La Germania da diversi anni non sta vivendo un momento positivo. E più il tempo passa, più la situazione del Paese e la sua immagine internazionale peggiorano.
Di Angelo Frigerio
‘Non ci sono più i tedeschi di una volta’: questo il titolo di un mio articolo del luglio 2017. Evidenziavo le difficoltà di una nazione, fra le più importanti e strategiche per il nostro export cosmetico, la cui immagine fatta di precisione, correttezza, professionalità si stava sbiadendo velocemente. Tre gli esempi: il Dieselgate, le difficoltà della Deutsche Bank, la telenovela dell’aeroporto di Berlino.
Il caso Dieselgate era stato forse il più eclatante. La notizia che la Volkswagen taroccasse il dispositivo dei gas di scarico delle sue autovetture negli Usa aveva destato sorpresa. Ma come, i precisini che si mettono lì a falsificare il software per poter superare le prove degli americani? Non esiste. Invece sì. Lo hanno fatto. E si beccarono anche una bella multa.

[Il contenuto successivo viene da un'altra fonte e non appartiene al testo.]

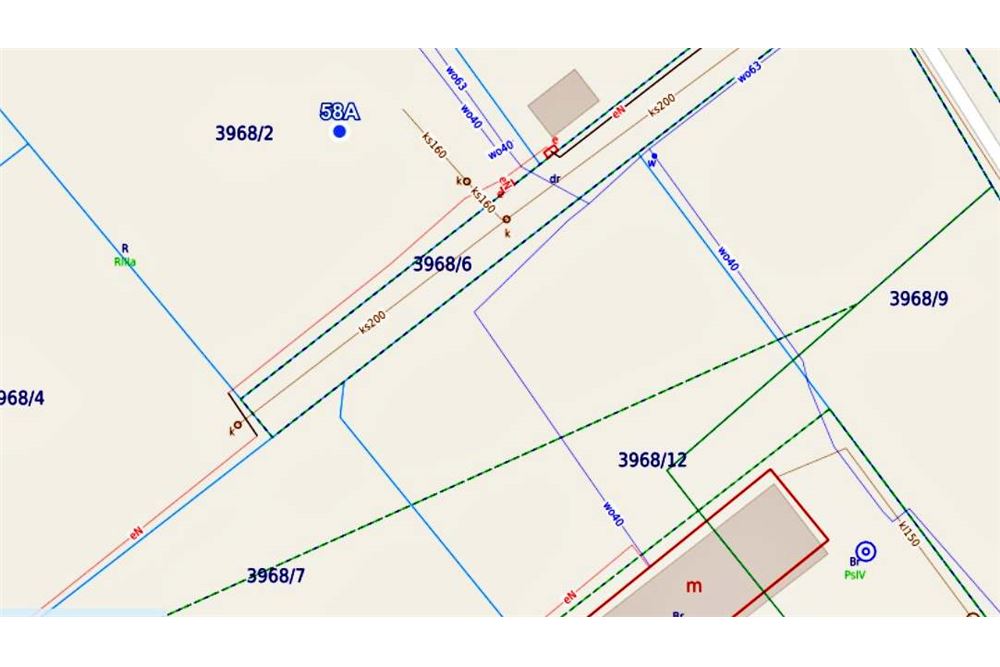 Działka budowlana - Sprzedaż - Inwałd, Polska - 24 - 800061016-1159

Che dire poi della Deutsche Bank? Ma non era forse una delle più solide banche al mondo e un modello per l’Europa? Con in pancia titoli derivati per 54.700 miliardi di euro, pari a 20 volte il Pil tedesco e a quasi sei volte quello dell’Eurozona, l’istituto era in grave crisi. L’Fmi (Fondo monetario internazionale) aveva descritto Deutsche Bank come l’istituto più rischioso al mondo. Nel 2015 aveva chiuso il bilancio con una perdita di 6,8 miliardi di euro.
Negli ultimi anni la situazione è migliorata, complice anche il rialzo dei tassi di interesse: l’istituto ha chiuso il 2023 con ricavi a quota 28,9 miliardi di euro, in crescita per il quarto anno consecutivo. Ma Deutsche Bank resta comunque un’osservata speciale in Europa e rimane l’onta di una banca, ai tempi, molto vicina al default.
Vogliamo parlare poi dell’aeroporto di Berlino? Una barzelletta, altro che la Salerno-Reggio Calabria. Concepito nel 1995 per dare alla capitale tedesca uno scalo degno di questo nome, il progetto iniziale contava di porre la prima pietra nel 2006, con un costo di 1,5 miliardi di euro e con la data di fine lavori fissata il 30 ottobre 2011. Ma viene aperto solo nel 2020 dopo una serie inenarrabile di errori di costruzione e una spesa finale di 25 miliardi di euro.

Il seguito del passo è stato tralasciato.